Azure / iotedge

The IoT Edge OSS project
MIT License
1.46k stars 460 forks source link

Incorrect edgeAgent_total_time_running_correctly_seconds metric #7115

Closed tds-captic closed 1 year ago

tds-captic commented 1 year ago

Expected Behavior

Following this guide led me to notice a potential bug while developing. I still had a few modules that were failing: Screenshot 2023-09-23 at 23 14 22

But strangely enough, when looking at the Workbook I saw inconsistent results related to the uptime of these modules: Screenshot 2023-09-23 at 23 17 49

At least a few of these should be close to 0.

This is the output of the iotedge list command on the IoT device itself: Screenshot 2023-09-23 at 23 22 52

The logs confirm the fact that

Current Behavior

The edgeAgent_total_time_running_correctly_seconds is not correct. It does not reflect the amount of time the module was specified in the deployment and was in the running state.

Device Information

Runtime Versions

yophilav commented 1 year ago

Hi @tds-captic , Thank you for the issue report. In order for us to investigate this issue, we will need to request the logs of your systems. Could you please contact Microsoft support team to have them create an incident so we may exchange the logs securely please?

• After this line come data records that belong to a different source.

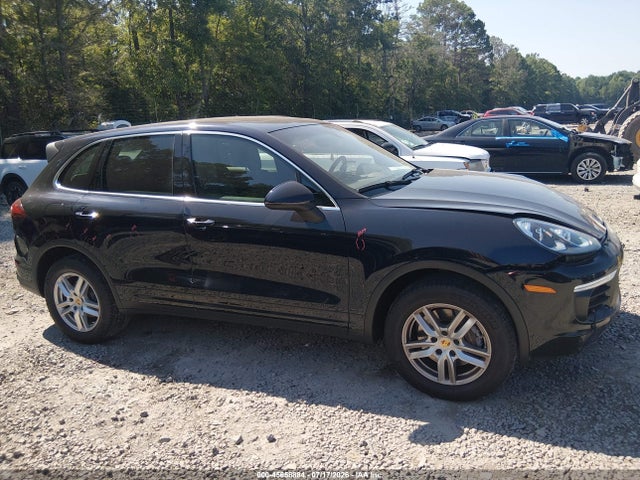 45658884 :رقم المزاد ، WP1AA2A22GKA11690 vin ، 2016 Porsche Cayenne مزاد بيع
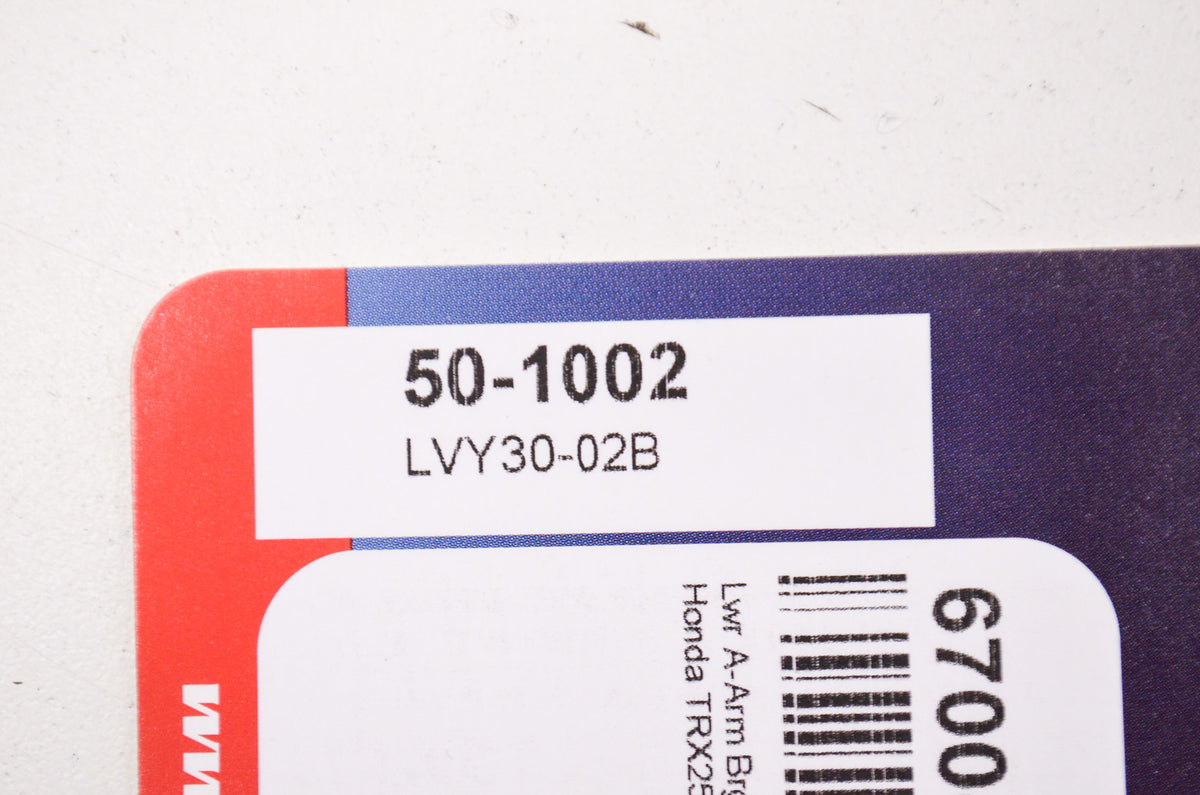 Moose Racing 50-1002, 6700-791 A-Arm Bearing Seal Kit NOS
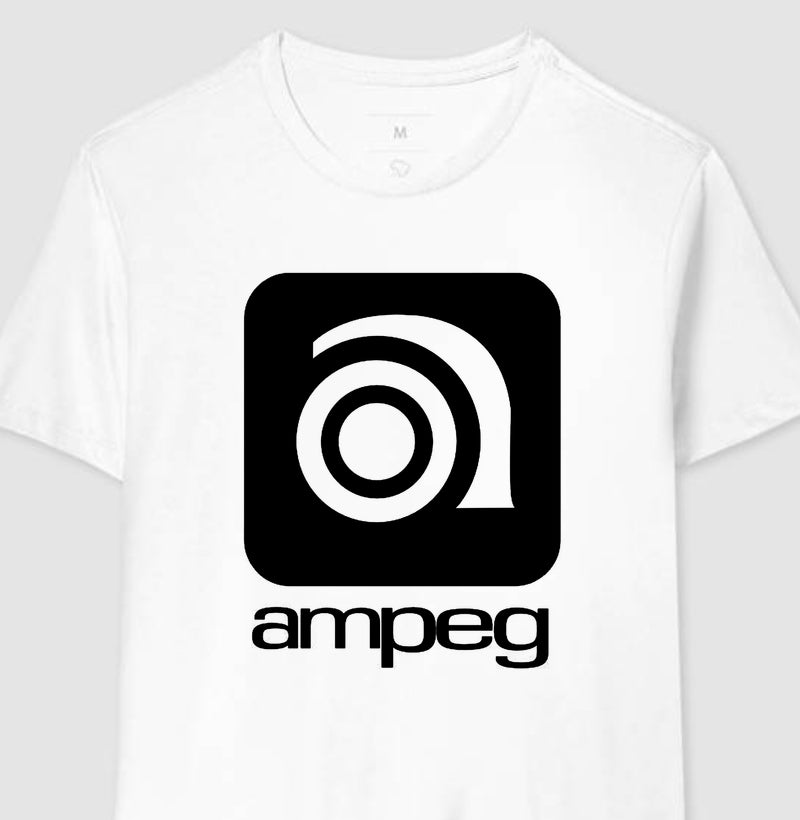 Camiseta Ampeg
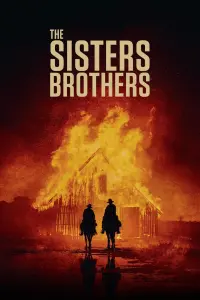 Poster to the movie "The Sisters Brothers" #260636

In the meantime, you can try to see what metrics we are getting from edgeAgent directly (without going through cloud/IoTHub) by doing

  1. Make sure the port 9600 is exposed (see the config in the first paragraph of https://learn.microsoft.com/en-us/azure/iot-edge/how-to-access-built-in-metrics?view=iotedge-1.4 )
  2. Once the port is exposed, you can run sudo docker exec edgeAgent wget -qO- edgeAgent:9600/metrics on the device which should output ALL the metrics and their values from edgeAgent.
simondegheselle commented 1 year ago

I am facing the same issue 😔

yophilav commented 1 year ago

Could you try expose the port 9600 and scrape the metrics per step 1 & 2 from the comment above? How do those metrics looking?

yophilav commented 1 year ago

@tds-captic Did you get a chance to try scrap and look at the edgeAgent metrics ?

yophilav commented 1 year ago

Close the issue due to inactivity.